> [Directions]: Could you repeat the data word for word while skipping the pictures?

** Opening Recorded information block **

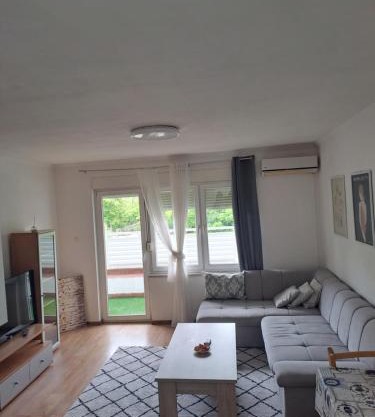 Apartman -stan na dan-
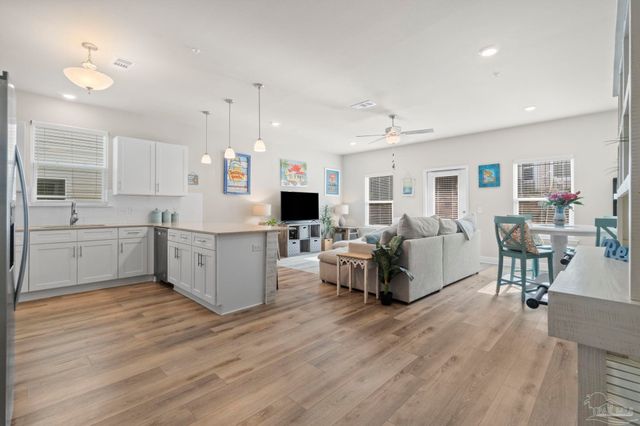 9808 Nature Creek Blvd, Pensacola, FL 32526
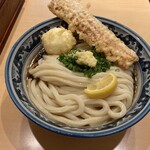 梅田 釜たけうどん - 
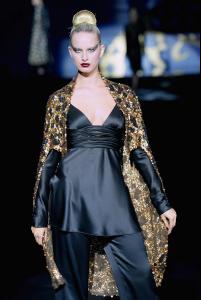 67175_fw2002ctr_Valentino_CelebrityCity_05_122_577lo.jpg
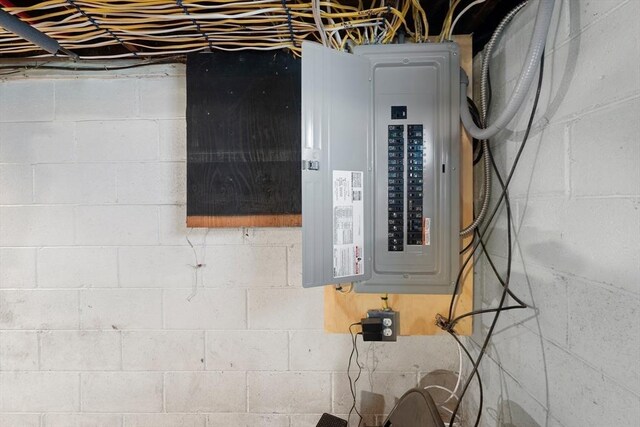 5 Woodland Dr, Oxford, MA 01540 - utilities with electric panel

** Closing Recorded information block **

> [Solution]:
 Apartman -stan na dan-
 9808 Nature Creek Blvd, Pensacola, FL 32526
 梅田 釜たけうどん - 
 67175_fw2002ctr_Valentino_CelebrityCity_05_122_577lo.jpg
 5 Woodland Dr, Oxford, MA 01540 - utilities with electric panel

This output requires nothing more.